Machine Learning & Monitoring
Submitted by Bhuvaneswari on Thursday, 15 March 2018
Technical level: Intermediate Status: Under evaluation
The world is moving towards machine learning. Every technical conference and blogs talk about ML & Artificial Intelligence. With my experience in monitoring team, I could see a huge gap between monitoring existing systems and machine learning. I am sure there will be audience who are facing similar challenges and would like to share our experience on bridging that gap.
To be successful, every software organization needs some type of monitoring. And in the time when everyone are moving to Cloud, any organization will have challenges like.
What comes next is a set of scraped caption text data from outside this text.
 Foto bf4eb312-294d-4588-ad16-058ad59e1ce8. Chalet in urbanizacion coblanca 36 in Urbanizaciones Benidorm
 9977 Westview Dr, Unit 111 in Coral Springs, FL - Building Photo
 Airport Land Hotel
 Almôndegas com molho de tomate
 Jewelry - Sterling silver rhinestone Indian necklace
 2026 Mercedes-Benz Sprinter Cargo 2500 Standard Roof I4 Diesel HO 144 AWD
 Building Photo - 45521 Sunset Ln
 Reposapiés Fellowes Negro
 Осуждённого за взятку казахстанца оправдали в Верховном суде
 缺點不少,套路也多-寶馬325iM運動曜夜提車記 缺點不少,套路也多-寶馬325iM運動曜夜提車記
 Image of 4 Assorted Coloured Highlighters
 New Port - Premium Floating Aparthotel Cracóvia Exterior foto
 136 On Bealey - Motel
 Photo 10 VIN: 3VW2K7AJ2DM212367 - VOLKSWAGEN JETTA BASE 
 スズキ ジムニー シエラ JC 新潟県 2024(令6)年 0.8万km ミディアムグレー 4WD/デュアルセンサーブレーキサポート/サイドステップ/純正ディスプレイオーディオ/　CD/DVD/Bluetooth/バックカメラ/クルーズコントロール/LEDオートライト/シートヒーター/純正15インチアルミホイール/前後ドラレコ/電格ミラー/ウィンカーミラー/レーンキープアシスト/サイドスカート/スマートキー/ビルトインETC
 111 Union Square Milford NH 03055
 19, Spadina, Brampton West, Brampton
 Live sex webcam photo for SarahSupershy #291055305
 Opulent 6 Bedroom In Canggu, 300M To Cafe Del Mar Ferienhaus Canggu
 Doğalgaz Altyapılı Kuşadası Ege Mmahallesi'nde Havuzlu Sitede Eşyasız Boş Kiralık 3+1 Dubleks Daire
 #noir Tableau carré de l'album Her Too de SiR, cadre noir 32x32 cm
• Do I need to take a step ahead for moving to Cloud? • How do I migrate all my applications to Cloud? • How do I monitor them/ measure them? • When investing in Cloud and latest technologies, what will be the investment in improving monitoring in existing systems so that Customers are happy?
For sure, improving the existing monitoring systems is a MUST so that we do not lose our customers. Now comes other questions like
• How to apply latest technologies like machine learning or artificial intelligence for monitoring existing systems? • How to have a scalable and reliable solution that will be quick so that investment is less, but it should work for a long term. • What are the trade-offs that you might face in this situation.
These are the challenges as a team we took. It is my pleasure to share how we approached these problems.
I would also like to explain a sample solution where we applied latest technologies for monitoring applications.
I am Bhuvaneswari Radhakrishnan working for PayPal India Pvt Ltd, Chennai. I have close to 9yrs of experience in IT industry and 3 yrs of experience in monitoring systems. This will be my first speaker session to external audience.